My parents divorced when I was very young. My Kenyan father and American mother had met while both were attending college. Fast-forward through the existence of yours truly and through the divorce, my father received his degree and high-tailed it back to Kenya, where he resides to this day. So, for a time, during my mother’s single years, I lived with my great uncle and aunt, John and Alma Simpkins. What can you say about a guy who had everything?
He was handsome and extremely intelligent. He--along with my (step)father--represents a personality blueprint for what I like and look for in a man. Reserved, reasonable and inquisitive he was; slightly obstinate, but usually willing to listen; highly interested in the world around him. I never heard him curse or raise his voice.
Uncle John was a retired City of Los Angeles employee and a World War Two veteran; he served in the segregated Army-Air Force of that time. (On July 26, 1948, President Harry S. Truman signed Executive Order 9981, desegregating the US military.) According to family lore, Uncle John had been a second lieutenant for a brief time during the war. I question the veracity of this claim, since he only had a high school diploma. However, knowing that the units were segregated and knowing that many black Americans of his era did well even to attend high school, it’s possible.
Aunt Alma says that, during his brief commission, he was busted down to private for insubordination and given a dishonorable discharge. This part I don’t doubt. Uncle John was full of smoldering, silent pride as a mature man. Likely that pride went unchecked during his younger years, as it often is with young men.
I was born when the two were forty years old. They had been married about twelve years at the time and never had children of their own, so I was and continue to be theirs; shared, of course, with my parents. (My ex-husband said that I was a spoiled brat; blame them.)
As a parent, Uncle John believed in teaching me the things that many parents of today leave up to the school systems. I was taught at home to read, write, add and subtract before I went to kindergarten. Really. (I owe my addiction to reading and my present-day overflowing bookcases to him.) Afterward, while I was attending kindergarten and doing the things that I had already mastered, he taught me to multiply and divide. (Decades later, in a university math class, the kids marveled at the fossil who could do basic arithmetic in her head. Ah, the age before the calculator!) Uncle continued to up the ante.

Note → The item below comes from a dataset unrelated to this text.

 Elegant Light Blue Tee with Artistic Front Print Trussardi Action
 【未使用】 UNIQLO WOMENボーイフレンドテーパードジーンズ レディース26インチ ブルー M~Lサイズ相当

I loved puzzles, so when I was about six, Uncle John bought me a puzzle consisting of the States of the Union. Hours upon hours were spent by me repeatedly putting the puzzle together, taking it apart and doing it yet another time. Stemming from that exercise, he began to quiz me about the state capitals. Later, after he bought me a world atlas and a globe, the game changed to world capitals. (During a cross-country flight, knowledge of state capitals won me a nice bottle of champagne. I was nineteen at the time and no one asked for my ID. :-P The question: which four states begin with the same letter as their capitals? See answers below.*)
He taught me about the planets of the solar system and pointed out the few constellations that could be seen in the smoggy LA night sky, courtesy of a nifty telescope. He had me memorize the order of the US presidents (then up to Johnson; the second one, obviously).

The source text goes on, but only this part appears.